== Segment start ==
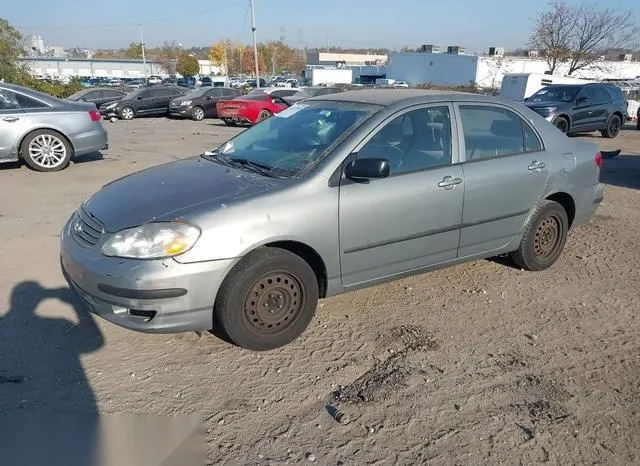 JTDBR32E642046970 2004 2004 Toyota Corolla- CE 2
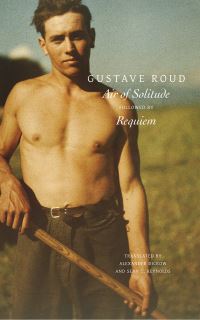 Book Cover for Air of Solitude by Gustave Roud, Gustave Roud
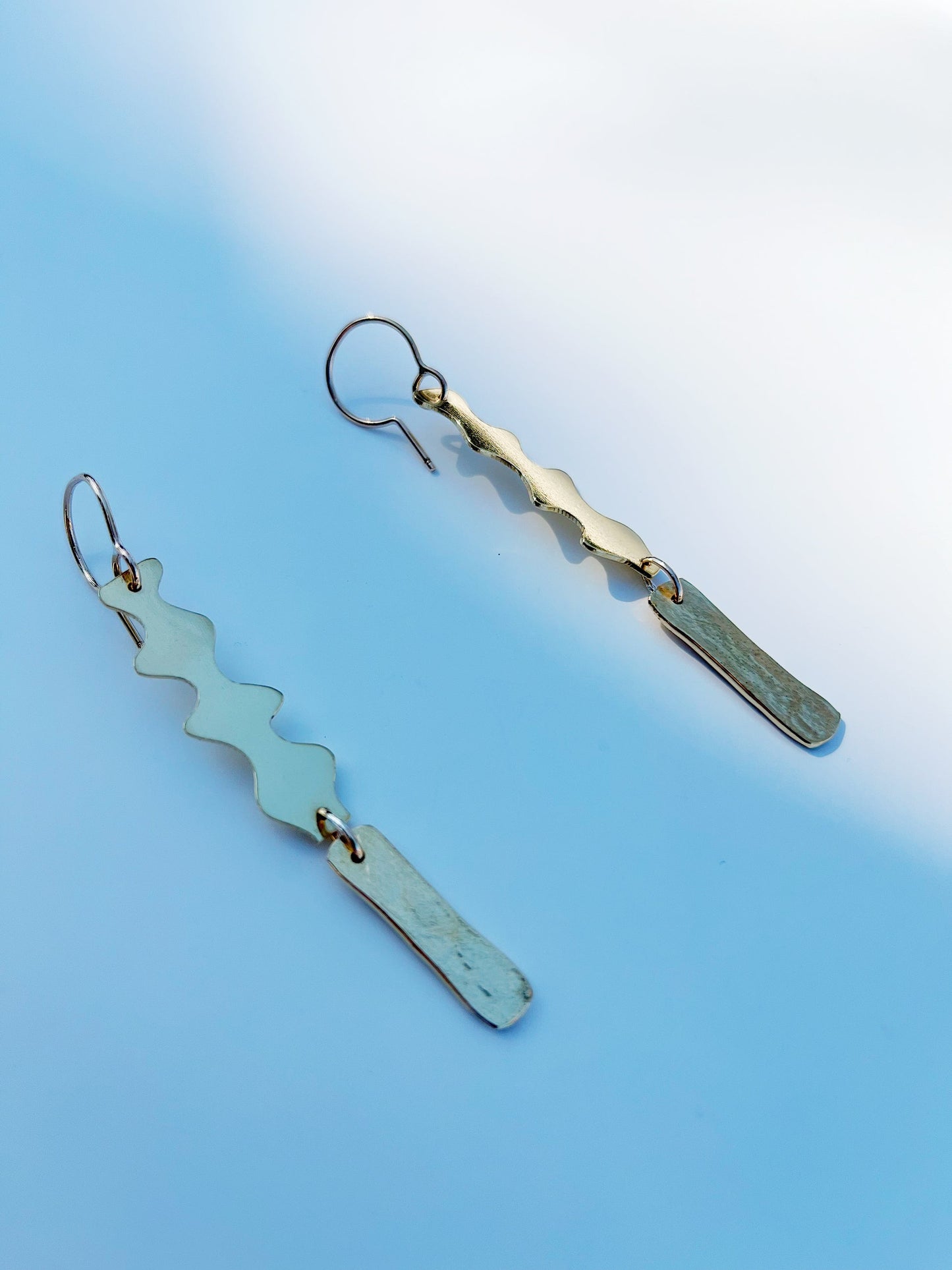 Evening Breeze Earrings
== Segment end ==
=== TASK PROMPT ===
The required output is an exact copy of the lines from the one with "Book Cover for" through the final line of the data above, with pictures removed.

=== RESPONSE FOR THIS EXERCISE ===
 Book Cover for Air of Solitude by Gustave Roud, Gustave Roud
 Evening Breeze Earrings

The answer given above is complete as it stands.